October 6, 2021

What are we talking about this for?

Author: Phil Hartwick
First Published: 2021

When someone in your team wants to discuss something at a team meeting, do you start the discussion and then eventually try to figure out why you are having this discussion?

I suspect this is a common experience.

We previously suggested an approach [‘Boost your team meetings’] your team can use to set up discussions. Here is another collaboration hack we’ve been sharing with teams more recently.

When there is an agenda item, or something that has been raised for discussion at team meeting, everyone needs to remember to stop the discussion early and ask:

“Is this a level 1, 2, or 3?”

What do these levels represent?

Level 1?

This item is being raised to inform the team – the discussion is to make sure everyone is informed and understands. This is intended for the team to ask questions rather than make any decisions or tell the initiator how to proceed.
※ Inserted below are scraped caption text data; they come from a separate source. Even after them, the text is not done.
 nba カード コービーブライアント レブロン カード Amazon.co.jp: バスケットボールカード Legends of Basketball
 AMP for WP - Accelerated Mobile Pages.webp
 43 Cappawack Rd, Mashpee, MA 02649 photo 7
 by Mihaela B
For example an operations manager needs to take a piece of machinery offline for maintenance but before scheduling it, wants everyone to understand the timing and impact of the machine being unavailable.

Level 2?

This item is being raised to get input or feedback from the other team members. The intiator will then consider that information and decide how to progress the item.
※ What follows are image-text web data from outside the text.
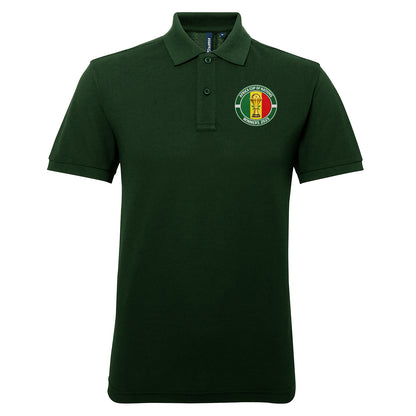Senegal Africa Cup of Nations Winners 2025 Shirt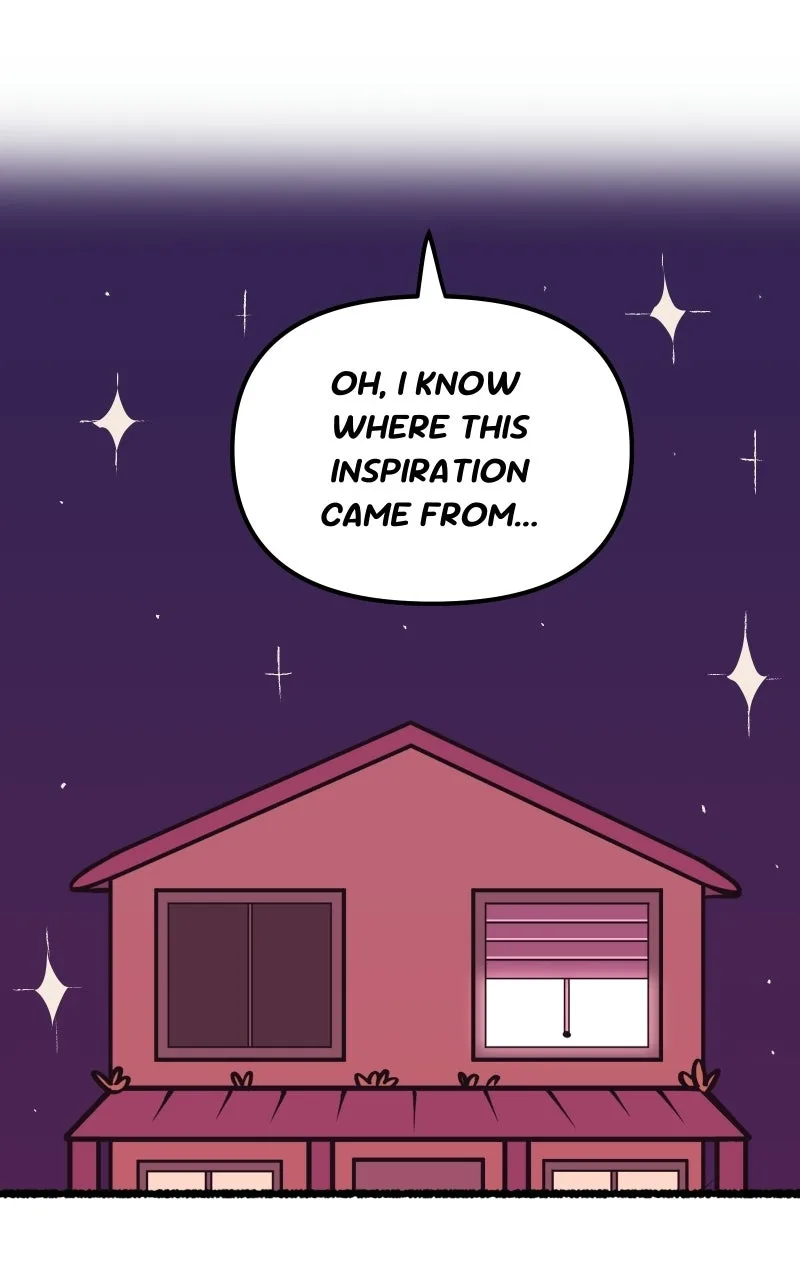 Literary Link Chapter 20 page 32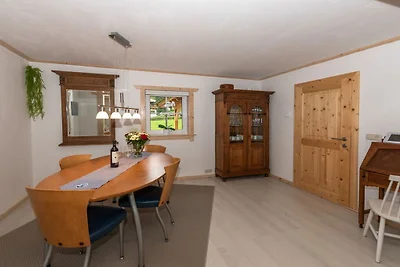 Casa vacanze Corelli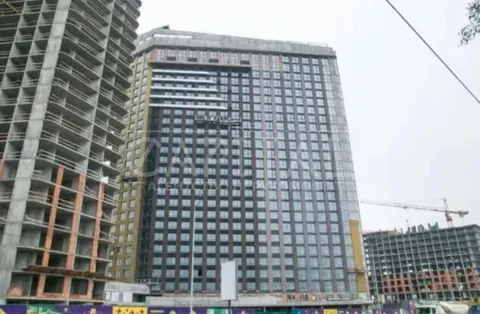 Продажа  квартира Киевская обл., Киев, Здолбуновская ул.,  - 2/4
This means the initiator wants information from the other team members – for example, risks, concerns, impacts, obstacles, and other relevant information that the initiator may not know or have access to. Note, this is not for the team to make decisions on, although this could be debated.

For example a marketing manager is planning to introduce a new innovative marketing concept and wants to know how others in the team think it will be perceived, any potential adverse impacts on the business and any ideas that might make it even more appealing. After feedback, the marketing manager, may (or may not) make changes to the concept.

Level 3?

This item is being raised by the initiator to have the team engage with an idea, a situation, a problem or an opportunity typically to make one or more decisions and take action. For example, the initiator may want the team to address the item to decide

  • how to resolve the situation, address the problem
  • if this is an idea they can support and how they will support it
  • how to improve the idea or what it will take for them to support it
  • how to advance the item, or resource it
  • how to engage others with the idea or promote it
  • if this is an opportunity that the team wants to capitalise on

The reason to take a Level 3 approach is when there is real benefit to engage the whole team to:

  • Achieve buy in and commitment to support
  • Contribute help or resources to execut
  • Improve an idea through creative contributions

So, to get your team working more effectively in its meetings, we suggest introducing this concept to get agreement from the team to challenge the initiator of every discussion as to the approach (or level) they plan to take.

This should prevent discussions from wandering all over without the team understanding what they are talking about this for!